*What you will do:*
Return the full listing unchanged, excluding any images it contains.

*Recorded information:*
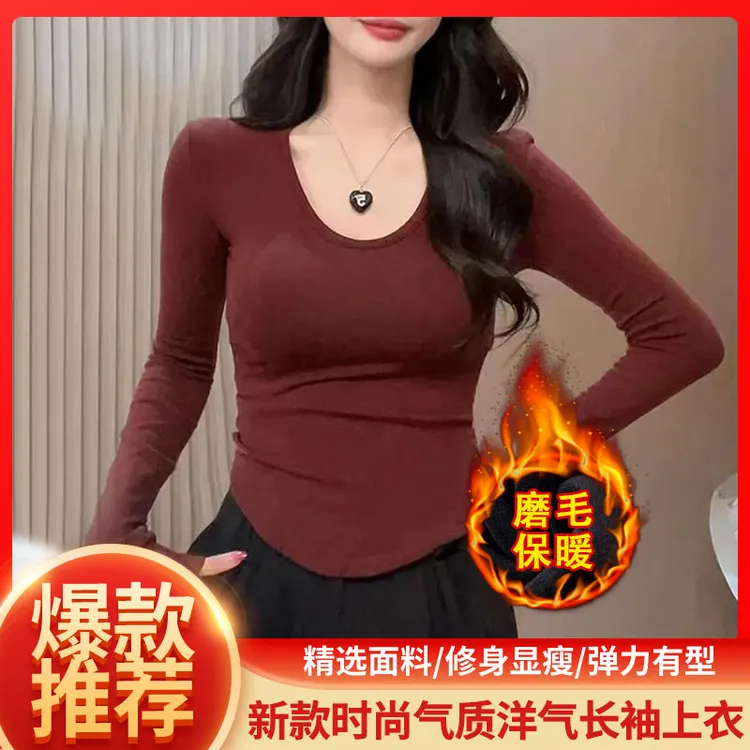 【辣妹轻奢】百搭修身显瘦气质打底衫女t内搭早春新款长袖纯欲上衣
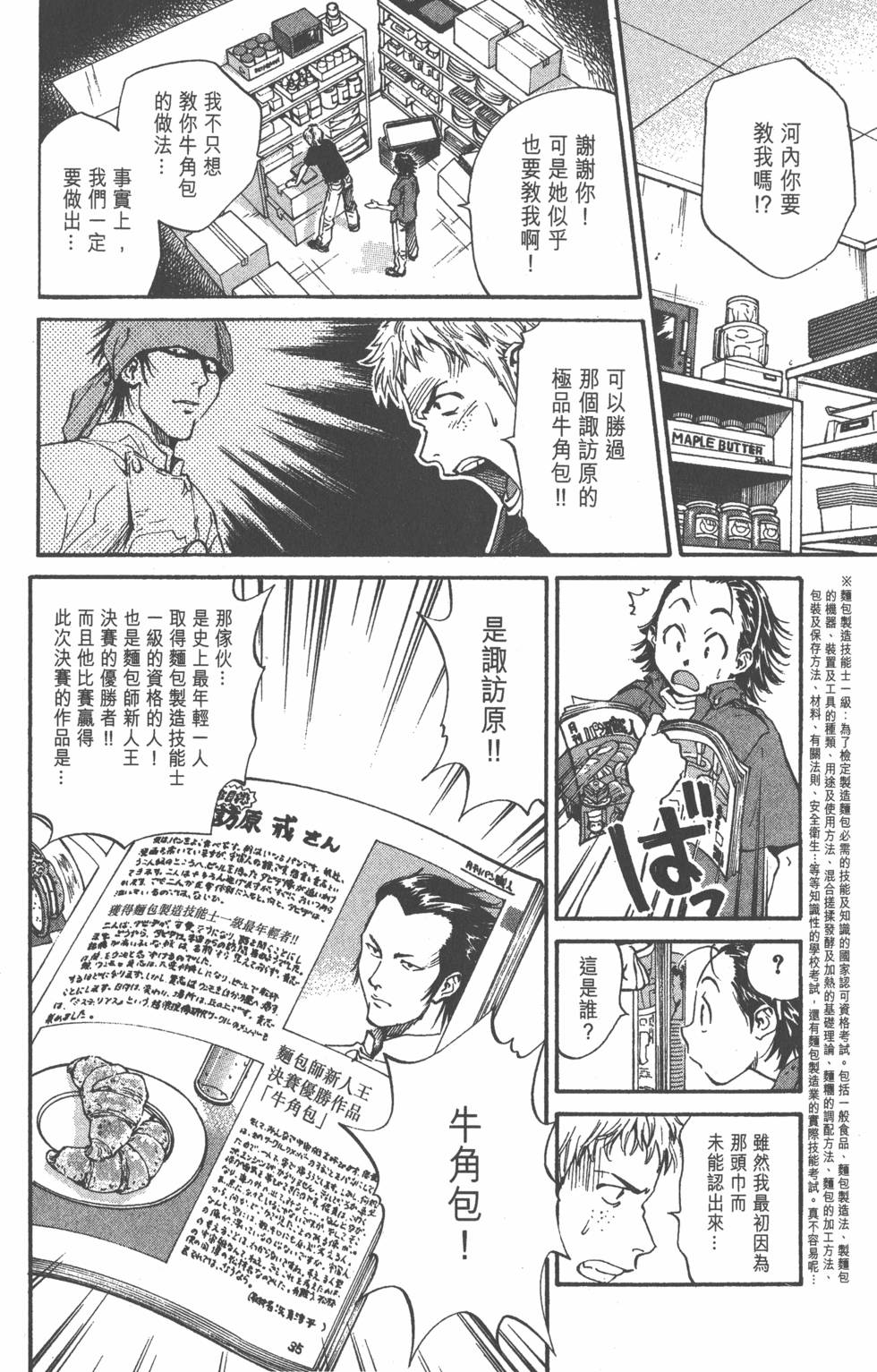 第104页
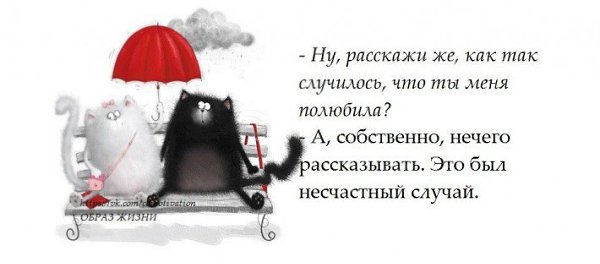 Кого с собой позвать?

*Solution to this exercise:*
 【辣妹轻奢】百搭修身显瘦气质打底衫女t内搭早春新款长袖纯欲上衣
 第104页
 Кого с собой позвать?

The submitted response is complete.